The lenders said on Wednesday they were suspending an agreement to offer short-term debt relief after Prime Minister Alexis Tsipras unexpectedly announced the payment in response to Greece exceeding its primary surplus target for 2016.
In Athens, lawmakers approved the 617 million euro (515.71 million pound) handout late on Thursday.
Speaking during a visit to Berlin, Finance Minister Euclid Tsakalotos said European states needed to be allowed to show they could solve their own problems to help restore confidence after strong gains for populist parties in several elections.
"(Greek) people have to see that sacrifices of now six, seven years are at last starting to pay off," he said during a visit to Berlin for a conference.
"If the unemployed, pensioners do not see that they have a role, a part in the growth after the crisis, then this Europe is in very, very serious trouble."
The Greek government, clinging on to a razor-thin majority in parliament, had no intention of stepping down, Tsakalotos added.
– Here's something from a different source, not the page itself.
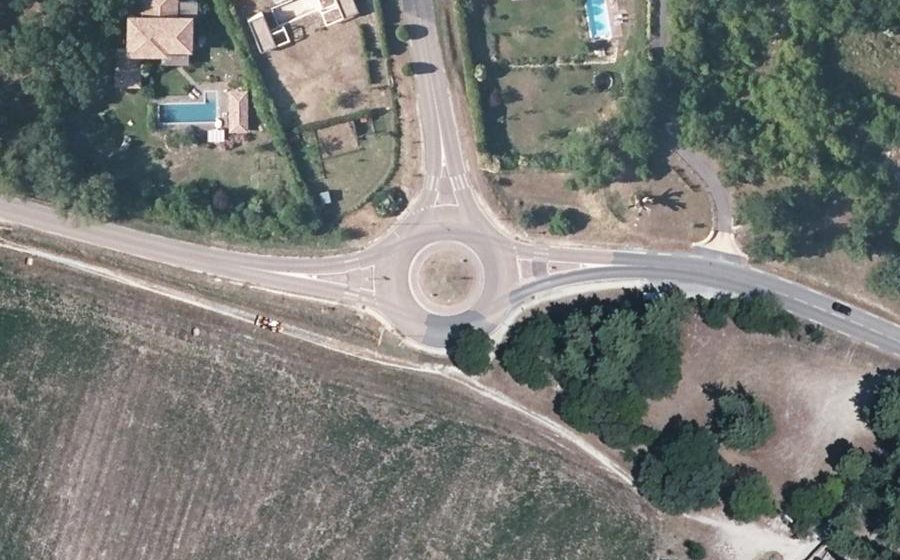 Vue aérienne du Rond-point anonyme n°44044773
On Thursday it faced the latest in a series of protests in Athens by pensioners, many of whom have seen their incomes slashed since 2010 during austerity programmes implemented by a succession of governments to meet the terms of three international bailouts.
'BIGGER FISH TO FRY'
The handout proposed by Tsipras infuriated officials in Germany and some other euro zone states but, in another sign of European divisions over how to handle the country, French President Francois Hollande and his finance minister came to Greece's defence on Thursday.
Tsakalotos told Reuters there were "bigger fish to fry" than getting embroiled in a row over the one-off payment.
But even accounting for it, he was confident Greece would be well ahead of its primary fiscal target for 2016, and the economy had almost certainly grown in the first three quarters of the year.
The government would explain its views on the importance of the one-off payment, as well as a decision to maintain a 30-percent discount on levels of value-added tax charged on some Greek islands affected by the refugee crisis.
A top European Commission official on Thursday questioned the lenders' decision and said there was no reason to question the debt relief deal.
Tsakalotos said he was disappointed the International Monetary Fund had not done more to assert its view with the euro zone about the importance of providing debt relief to Greece.